» Brief:
Output, exactly as written, the lines below from the one that has "MUSEUMKWALITEIT - Ruwe" through the one that has "Collar Acero Inoxidable 8566-6"; nothing else, and no pictures.

» Material shown:

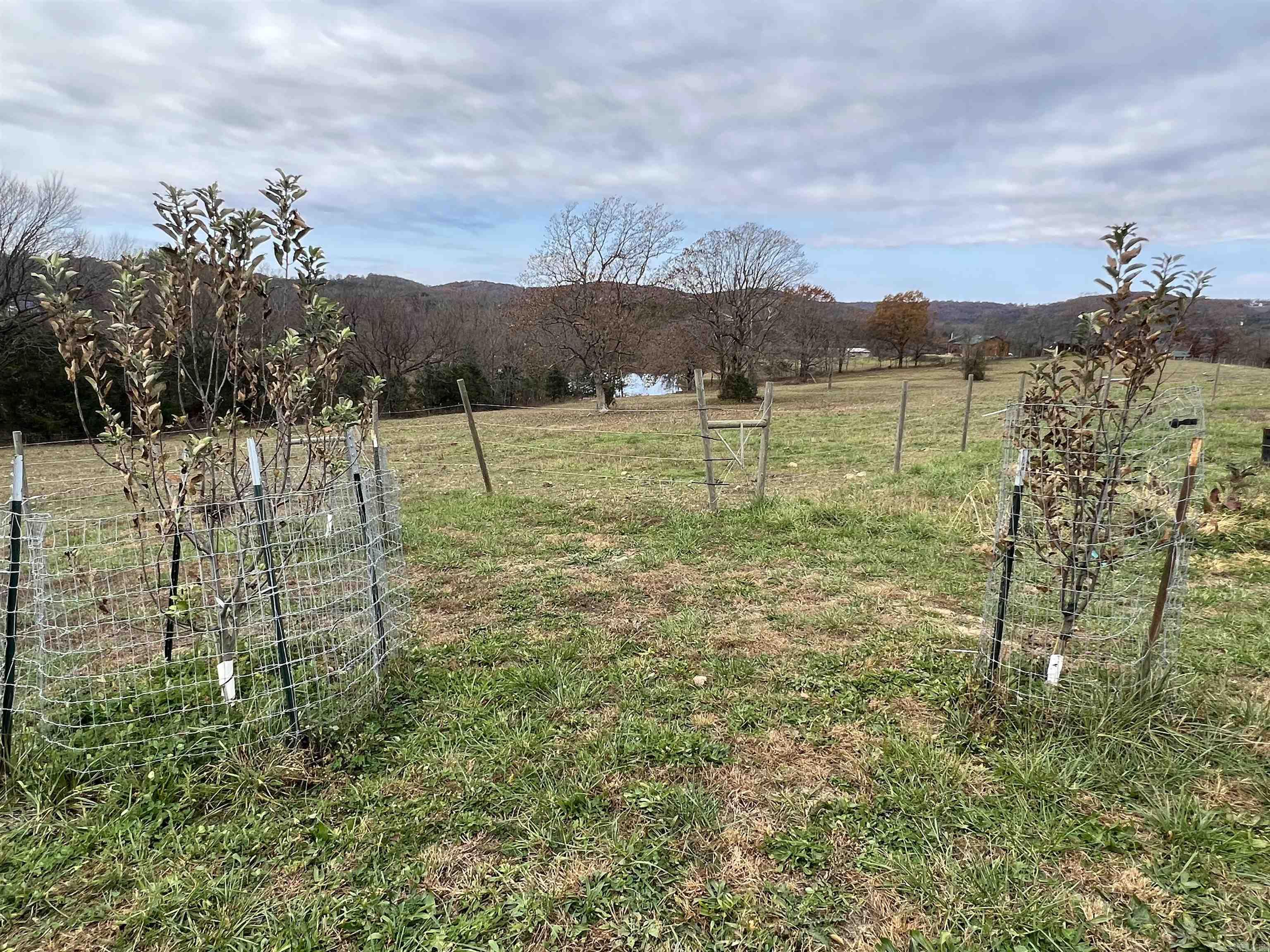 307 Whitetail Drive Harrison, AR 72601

...

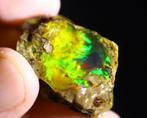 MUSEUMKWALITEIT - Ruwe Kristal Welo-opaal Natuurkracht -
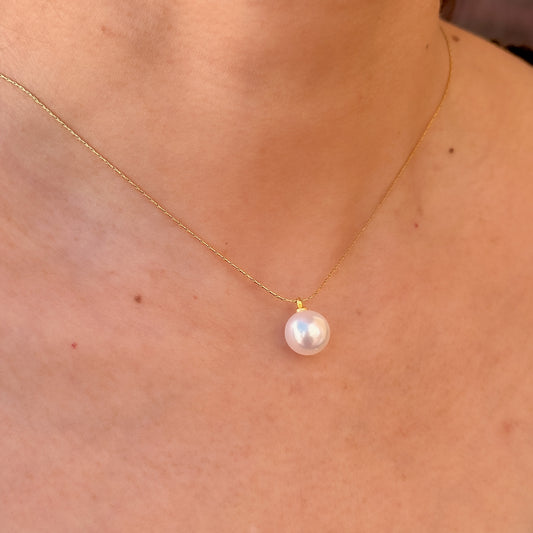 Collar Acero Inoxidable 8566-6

» Your response:
 MUSEUMKWALITEIT - Ruwe Kristal Welo-opaal Natuurkracht -
 Collar Acero Inoxidable 8566-6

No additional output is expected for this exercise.